EasyCron Official Blog: 2019

Aug 12, 2019

Slack Notifications for Cron Jobs

Considering many developers and cron job users use Slack heavily as communication tool in their daily work, we added Slack notification to our service.

Setting up Slack notifications for your cron jobs is easy. Here are the steps it will take:

In the cron job creating/editing form -> tab "Notifications" -> "Slack", choose the notification timings and the notifying sensitivity,
following the guide at Slack to get a URL (with a format of https://hooks.slack.com/services/xxx/yyy/zzz), and paste this URL into the "Slack URL" field. The Slack notification part is done.

Below is a screenshot for Slack notification interface:

Slack Notifications for Cron Job

Feb 3, 2019

Service malfunctioning during 2019-02-01 23:05 UTC to 2019-02-02 07:24 UTC

During 2019-02-01 23:05 UTC to 2019-02-02 07:24 UTC, we had an error with one of our core servers, which had caused our executor servers failing to execute cron jobs. The problem has been solved at 2019-02-02 07:25 UTC, and the system started working again since that.

We're investigating the root cause of the problem, and will enhance the whole system from the bottom up once the thorough investigation is done.

In the preliminary inspection, we found that the failure is related to partition space shortage caused by irrational disk partitioning of a pretty old CentOS. While Redis doing BIGSAVE to the partition, there was no enough space in the partition, so Redis kept doing BIGSAVE (as it's triggered by AOF file size). Finally both partition space and RAM were exhausted, and the server could only partly function during the failure time.
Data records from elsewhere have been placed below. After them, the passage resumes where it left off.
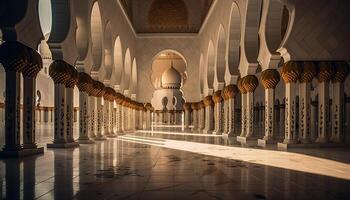 uralt Moschee mit aufwendig Arabisch Stil Minarett und Marmor Bodenbelag generiert durch ai foto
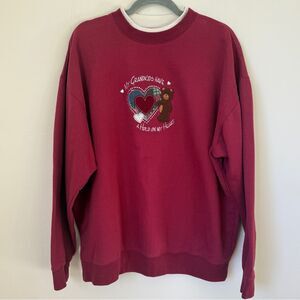 Vintage MC Sportswear Embroidered Bear Grandma Heart Sweatshirt Cottagecore 2X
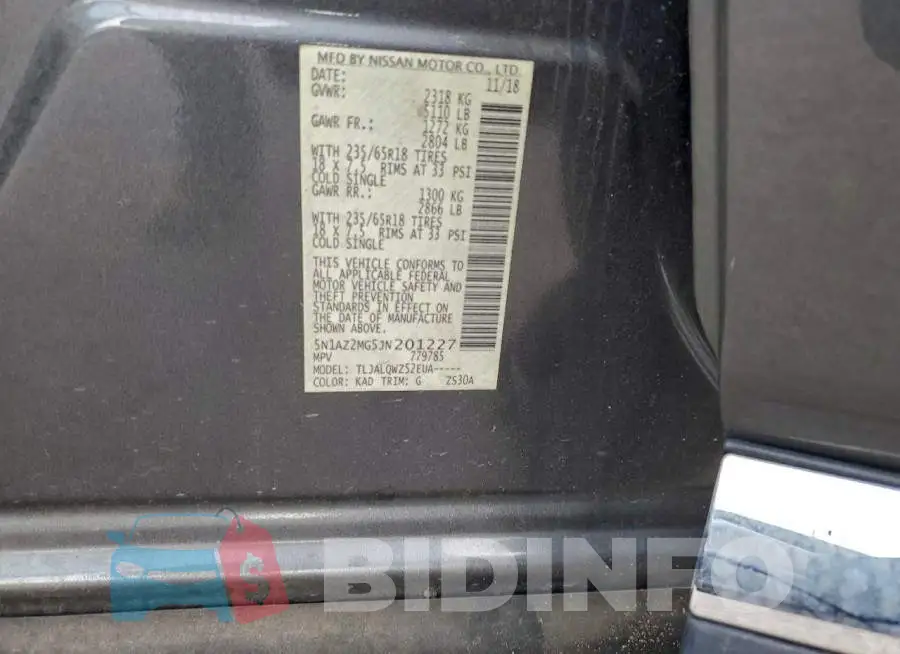 5N1AZ2MG5JN201227 Photo# 13
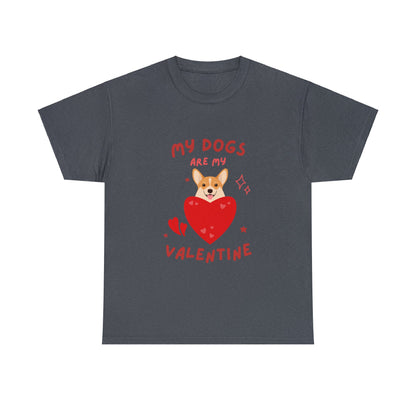 Corgi Valentine Unisex Heavy Cotton Tee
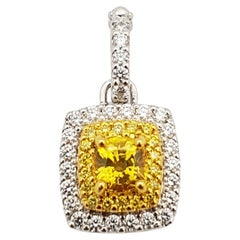 Yellow Sapphire with Diamond and Yellow Diamond Pendant in 18 Karat White Gold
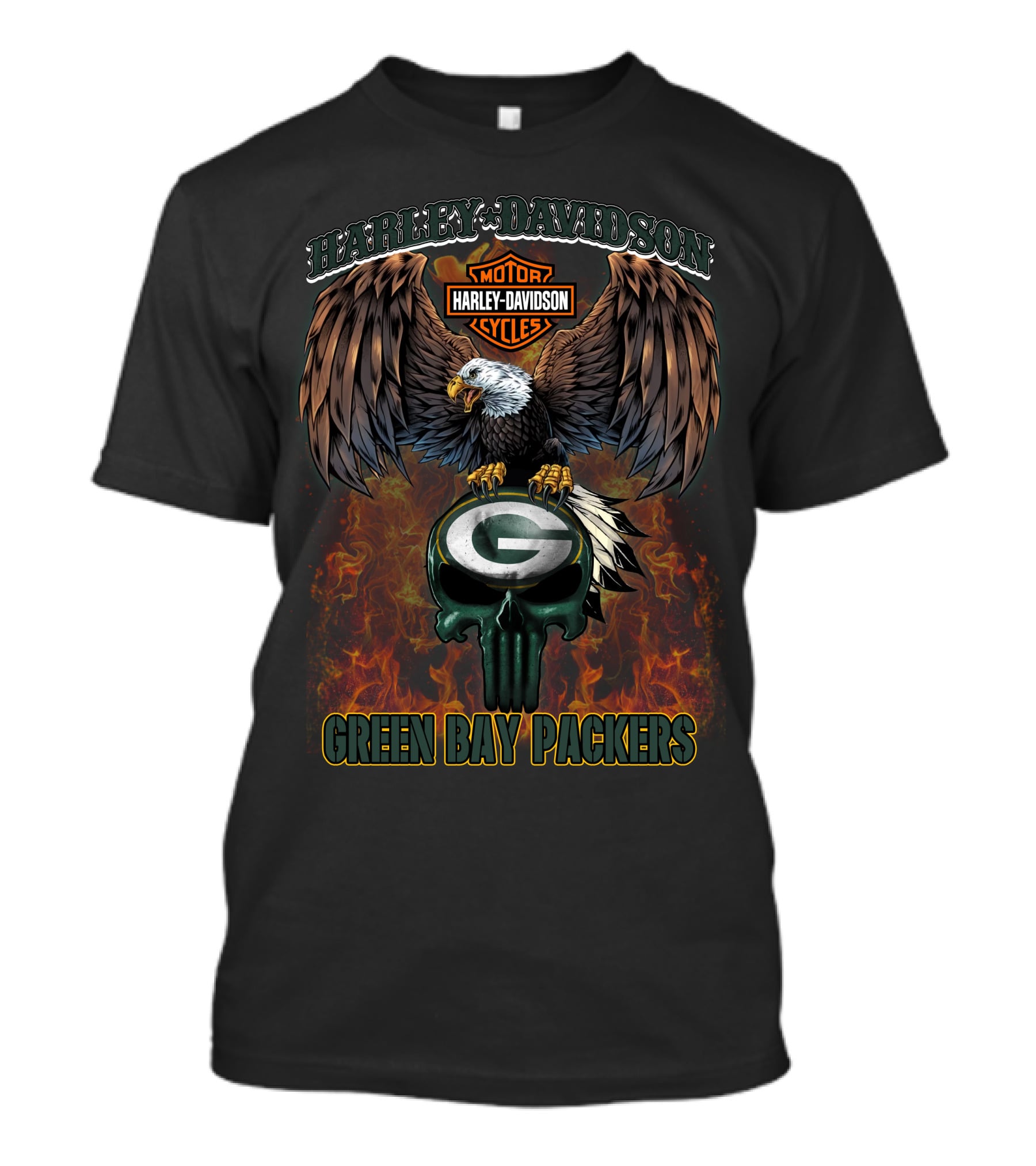 Harley Davidson Green Bay Packers Eagle And Flaming Skull T-Shirt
As a quick repair, we moved one of our Redis log servers to a new dedicated system with 4 times of RAM and 10 times of disk space.

Any missed cron jobs that should be run during the failure time have been executed (for one time) when the system was back to working again.

We're really sorry for the malfunctioning of the service. We will further investigate the whole failure and publish more information if necessary.